Oh, at first I wanted to buy Premium Proxy API, but turns out I don’t need it thanks to a python tool - ProxyBroker - A open source tool that asynchronously finds public proxies from multiple sources. :smiley:

Here is the example script… :wink:

$db_list = file ( "test_db_1.txt" ); //array
$proxy_list = 'proxies.txt';

foreach ( $db_list as $url) {
	
	$url = trim( $url );
	
retry:

	//reads the first line, in our case proxy.
	$proxy = fgets( fopen( $proxy_list, 'r' ) );
	$proxy = trim($proxy);
	
    // if blank re-run python
	if ( $proxy == "" ) {
		
		//for windows
		//exec("python get_proxy.py");
		//for Linux
		exec("python3 get_proxy.py");
		
		goto retry;
		
	}
	
	$headers = array(
		"http" => array(
			'proxy' => 'tcp://'.$proxy.'',
			'request_fulluri' => true,
			'user_agent' => 'Mozilla/5.0 (X11; Linux x86_64; rv:57.0) Gecko/20100101 Firefox/57.0',
			'timeout' => 10
		)
	);
	$context = stream_context_create( $headers );
	$content = @file_get_contents( $url, false, $context );
	
	if ( $content === FALSE ) {
		
		remove_first_line($proxy_list);
		goto retry;
		
	}
	
	//output.
	echo $content;
	
	
}

function remove_first_line($file) {
	
	$contents = file($file, FILE_IGNORE_NEW_LINES);
	$first_line = array_shift($contents);
	file_put_contents($file, implode("\r\n", $contents));
	
}

I have file called get_proxy.py which find and save proxies to proxies.txt

A tiny 0.001% thanks to @Abhijeet for tweaking the script a little bit. :stuck_out_tongue:

Now, all I need is a cron. :wink:


#16

Legends say I deserve more


#17

@itsbhanusharma need an answer…

Let’s say I have 2 virtual host.

vhost_1 = max_child = 20, Memory = 256
vhost_2 = max_child = 50, Memory = 512

If vhost_1’s max_child or memory_limit has been hit then can apache kill any process in vhost_2 ?

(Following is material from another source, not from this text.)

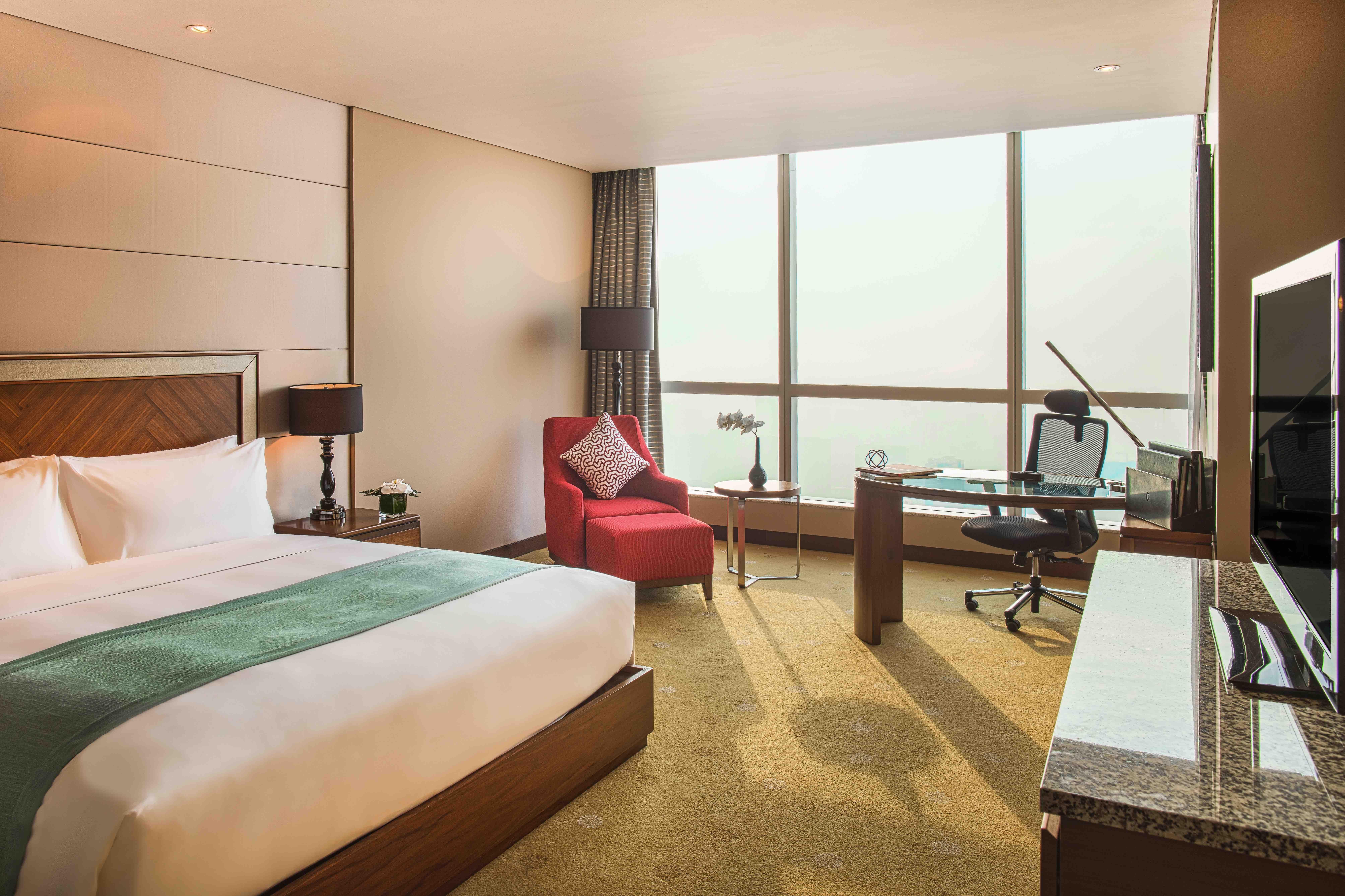 Intercontinental Hanoi Landmark72 By Ihg Exterior photo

Don’t know why but my script stops working after a period of time (after 10-12 hours)… Even I have setted time_limit = unlimited & my script does not even use 5mb memory…!


#18

Once max child is reached, what I understand is that apache2 will freak out (like it always does) and then will shut down everything and restart only those that ask it again to allocate runtime.


#19

I also suspected that… Because in my main server where 30+ v_host has deployed.
if only 1 v_host max_child is reached, apache freaks out, and breaks every v_host… :frowning:

So, should I deploy another server with native nginx because that’s gonna cost me $5 extra/month. :thinking:

One more thing, could you please change the font the forum? because it’s shit. Consider adding system-font in that case font Segoe UI will be used in Windows which looks amazing or Open Sans from Google.

Looks good, isn’t it?


#20

@itsbhanusharma Also I need a little help with cronjob.

Is it possible to set cron job on specific dates in a months?

For example I wanna run a cron every 1, 12 and 18 dates of the month?